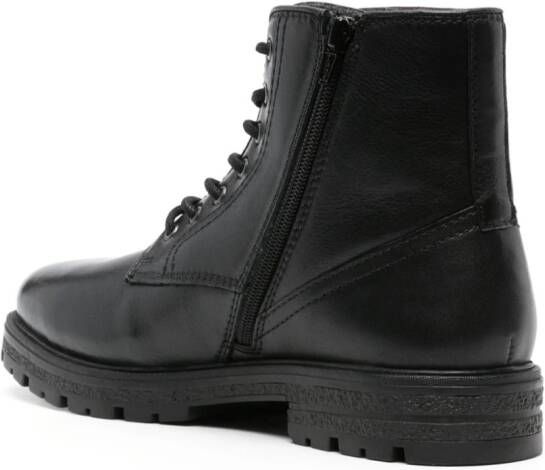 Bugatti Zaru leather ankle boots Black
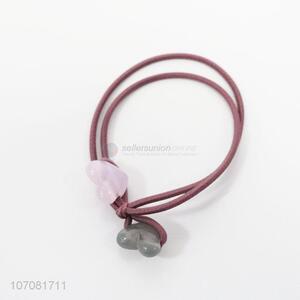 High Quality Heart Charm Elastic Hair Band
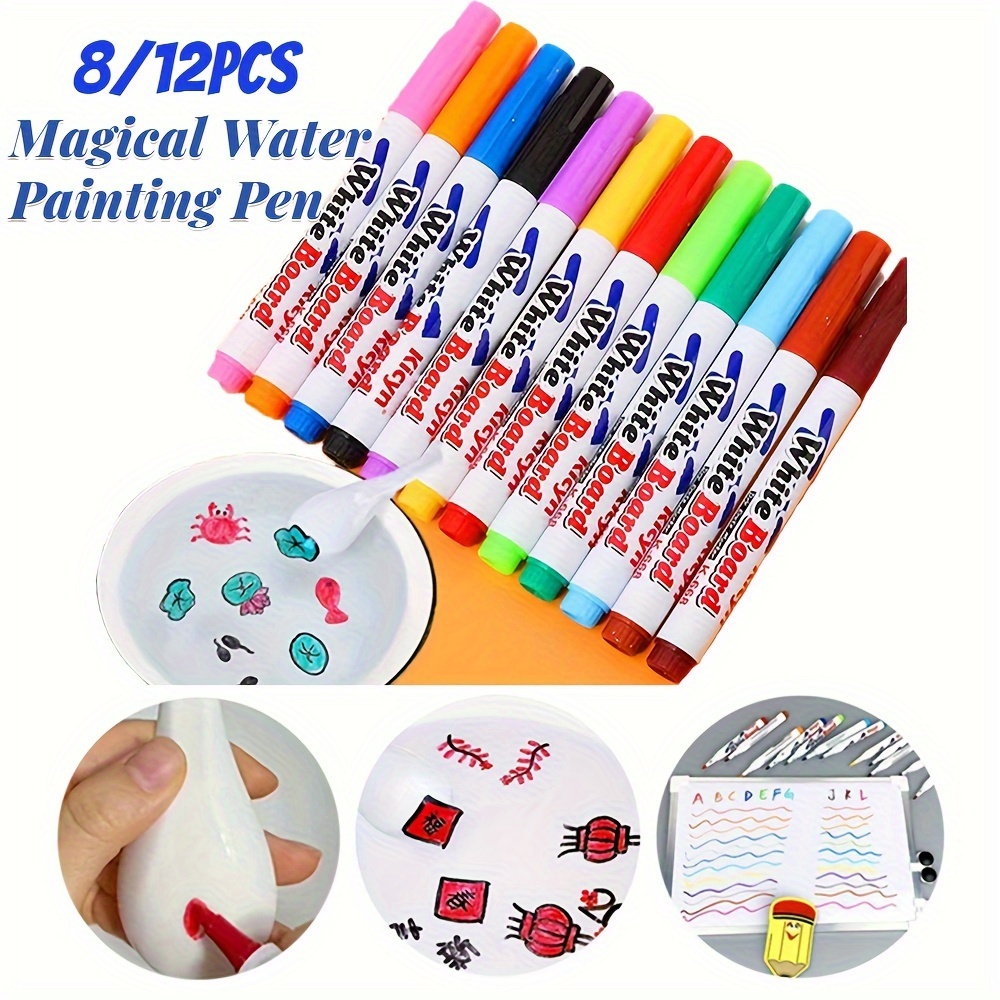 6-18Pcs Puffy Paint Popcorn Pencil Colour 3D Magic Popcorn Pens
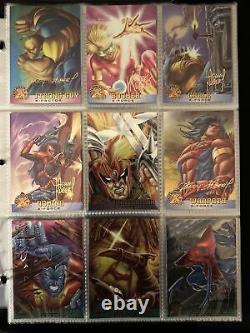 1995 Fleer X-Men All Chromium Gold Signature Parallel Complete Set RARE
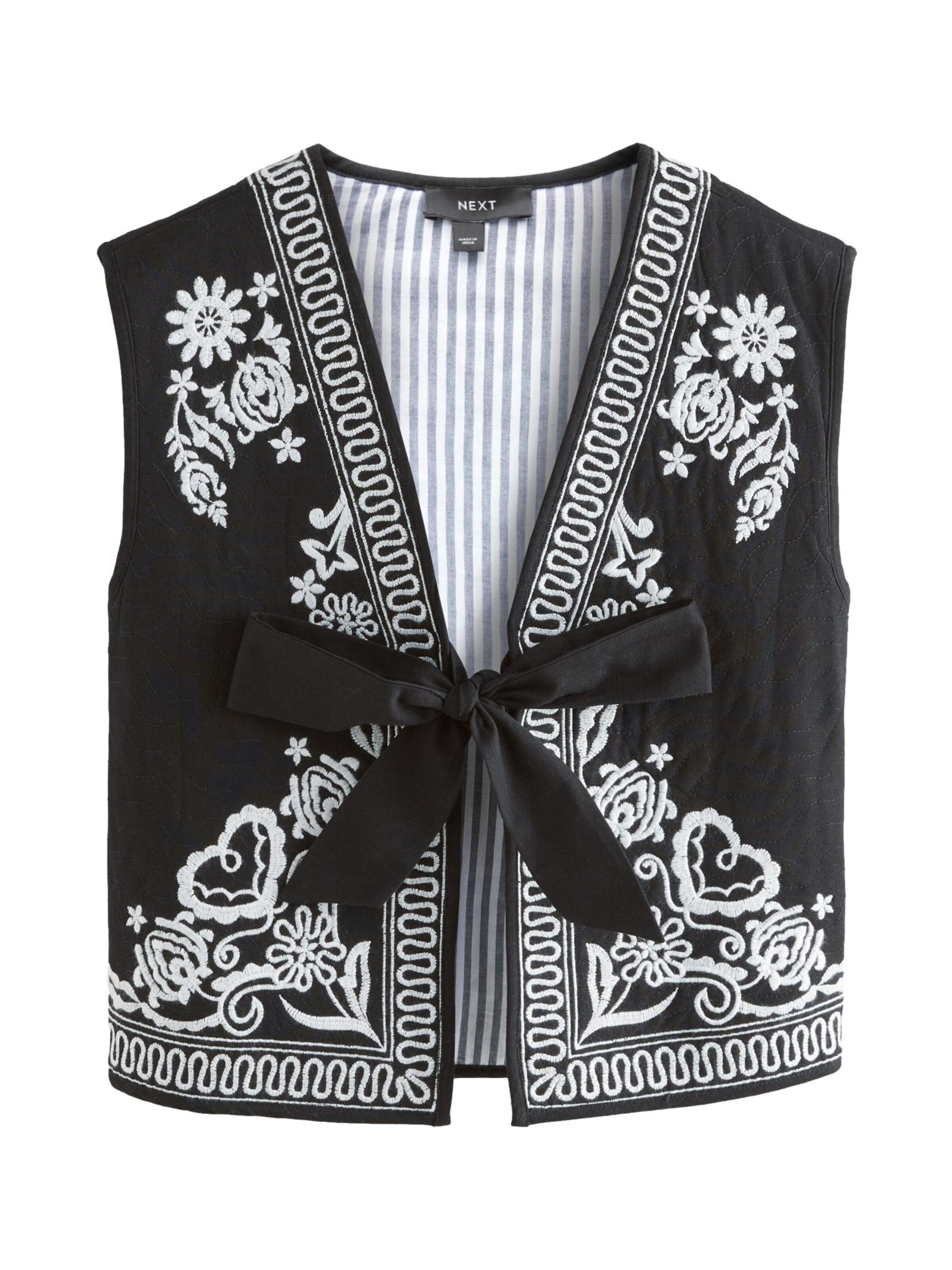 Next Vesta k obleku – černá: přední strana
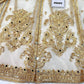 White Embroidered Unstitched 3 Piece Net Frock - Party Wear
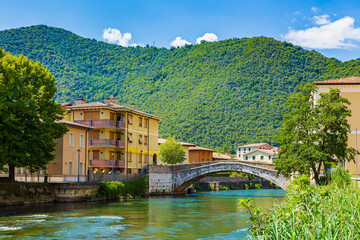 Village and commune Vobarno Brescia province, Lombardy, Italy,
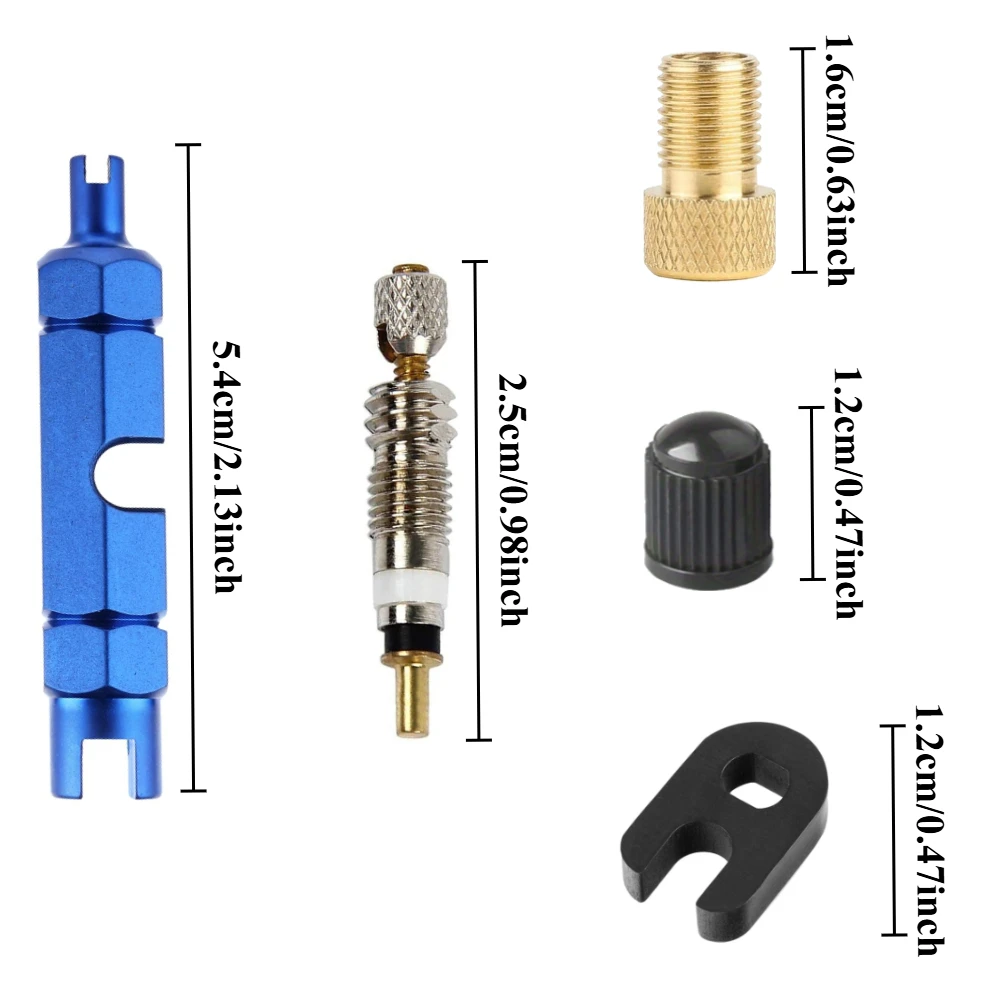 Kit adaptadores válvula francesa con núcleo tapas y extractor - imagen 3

______________________________

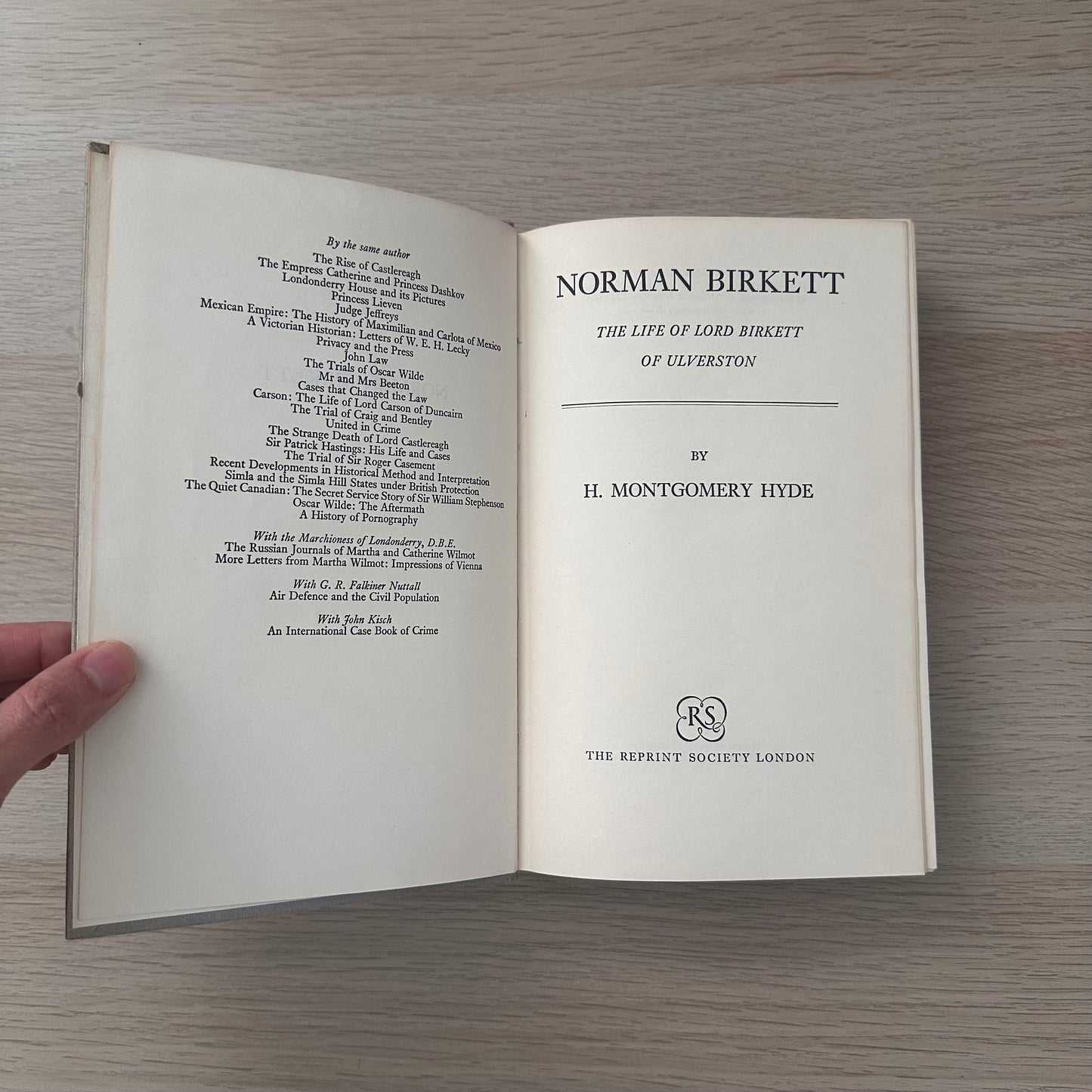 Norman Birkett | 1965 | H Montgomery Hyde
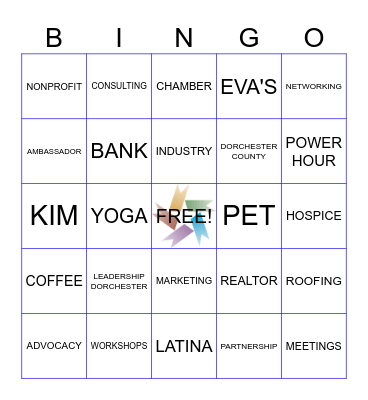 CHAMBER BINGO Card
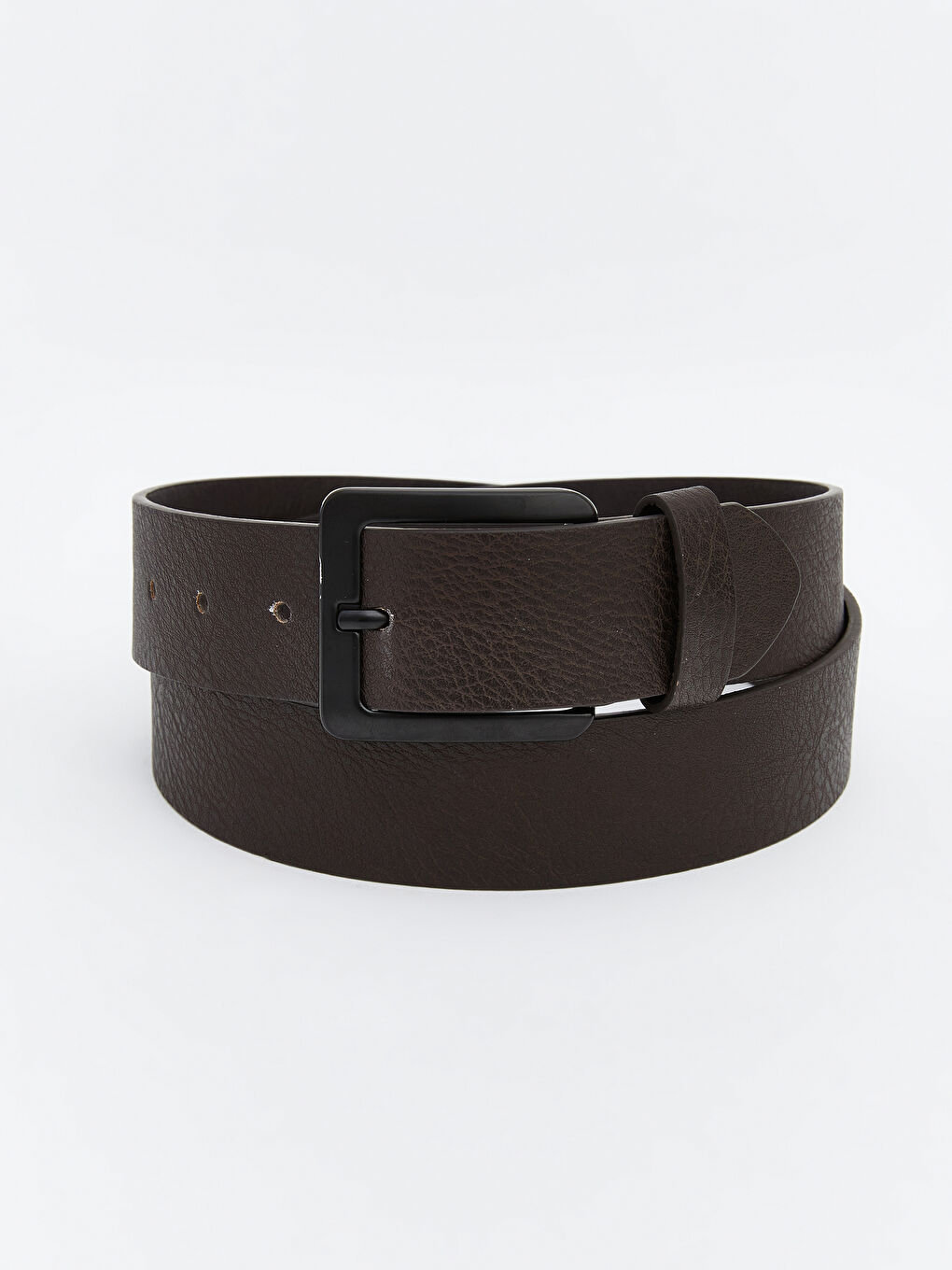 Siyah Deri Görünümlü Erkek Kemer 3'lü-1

______________________________

Your instructions
The stretch to restate runs from the line above containing "Next Vesta k obleku – černá: přední strana" through the line containing "Kit adaptadores válvula". Copy it word for word, ends included, without pictures.

Reply to the task
 Next Vesta k obleku – černá: přední strana
 White Embroidered Unstitched 3 Piece Net Frock - Party Wear
 Village and commune Vobarno Brescia province, Lombardy, Italy,
 Kit adaptadores válvula francesa con núcleo tapas y extractor - imagen 3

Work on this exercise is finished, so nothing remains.